Felix von Leitner wrote:
>> I don't think this ever worked on Linux, from the very beginning of inet6_bind():
> 
>>         /* Check if the address belongs to the host. */
>>         if (addr_type == IPV6_ADDR_MAPPED) {
>>                 v4addr = addr->sin6_addr.s6_addr32[3];
>>                 if (inet_addr_type(net, v4addr) != RTN_LOCAL) {
>>                         err = -EADDRNOTAVAIL;
>>                         goto out;
>>                 }
>>         } else {
> 
> What is the harm in allowing this?  That way an application ported to
> IPv6 can still bind IPv4-only.  Why would it be legal to bind to a
> specific IPv4 address but not to all IPv4 addresses?

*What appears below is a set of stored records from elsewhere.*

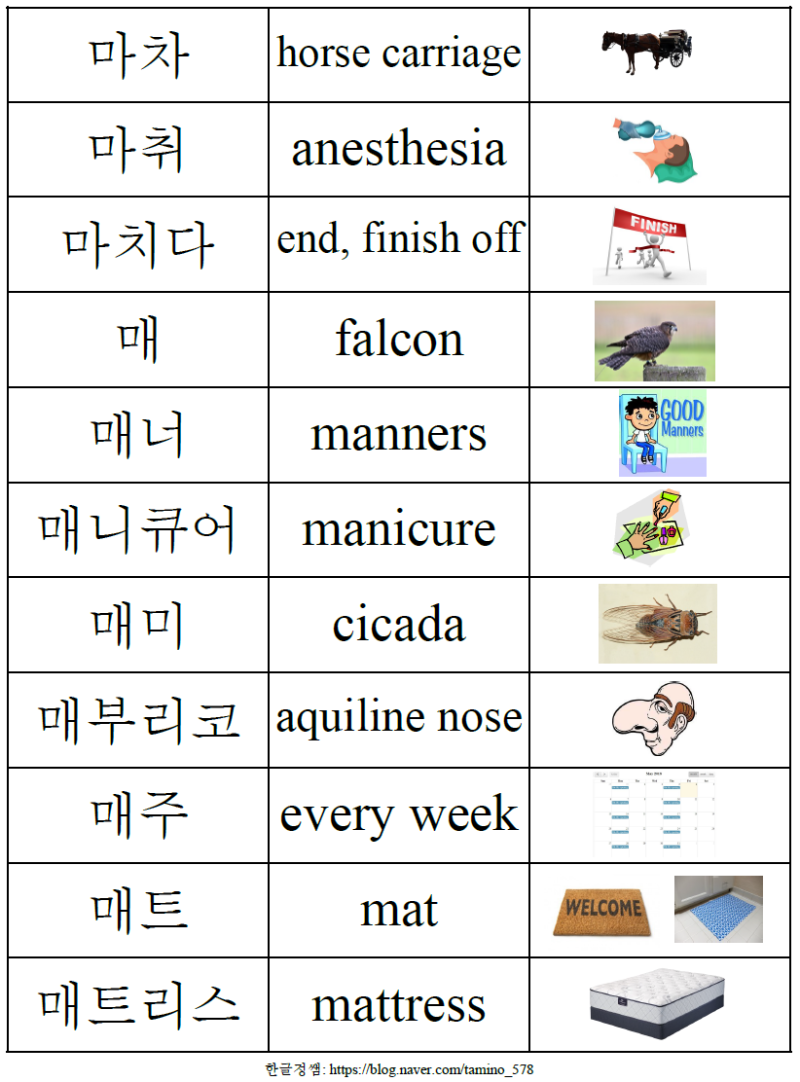 [받침 없는 단어]ㅁ로 시작하는 받침 없는 단어 (Words without a final consonant starting ...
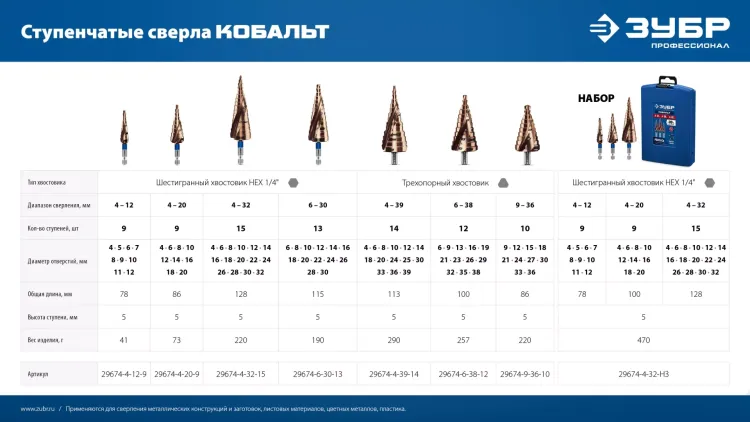 ЗУБР КОБАЛЬТ 4-32мм, 15 ступеней, винтовая проточка, сверло ступенчатое, ПРОФЕССИОНАЛ (29674-4-32-15) купить в Нижневартовске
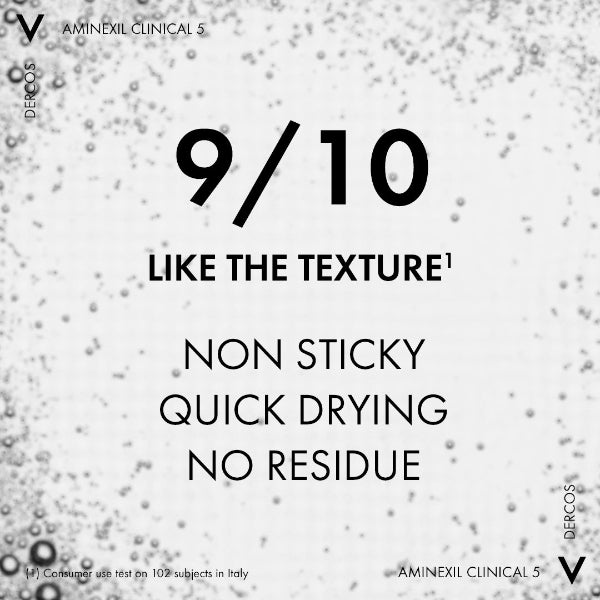 Vichy - Dercos Energy + Stimulating and Anti Hair Loss Shampoo with Aminexil 400ml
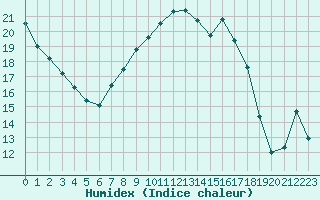 Courbe de l'humidex pour Javea, Ayuntamiento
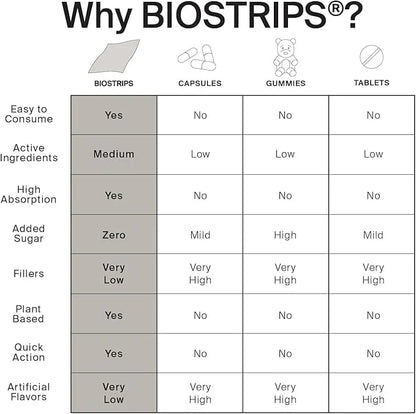 BIOSTRIPS® Immune Support - 5-in-1 Immune Health - Oral Supplement Strips - Supports Immune Function, Gut Health, Skin - V...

Please show me a porting guide that even mentions supporting IPv4-only mode
through an IPv6 socket by using this method.  There is none that I know of.

> The specific case is a bittorrent tracker.  The code was ported to IPv6,
> but since there is so much overhead in storing IPv6 addresses you are
> supposed to run two processes, one on the IPv6 address and one on the
> IPv4 address (the IPv4 one then does not have overhead).  The sane way
> to do this is to bind the IPv6 socket to ::ffff:0.0.0.0 then.  Otherwise
> you would need some kind of giant abstraction layer in the application.
> And we specifically added the ipv4 mapped addresses so applications
> would not need to have a giant abstraction layer.
> 
> Did I mention *BSD and OSX allow this?

That was their decision, and it doesn't mean it's the right thing to do.  It
doesn't mean Linux shouldn't change either, but name-calling isn't going to get
you anywhere on this list.

Compare your bittorrent server to Apache, which is probably the most widely-used
server application in the world.  It doesn't do what you're trying to do.  See
http://httpd.apache.org/docs/2.2/bind.html and/or browse the source code.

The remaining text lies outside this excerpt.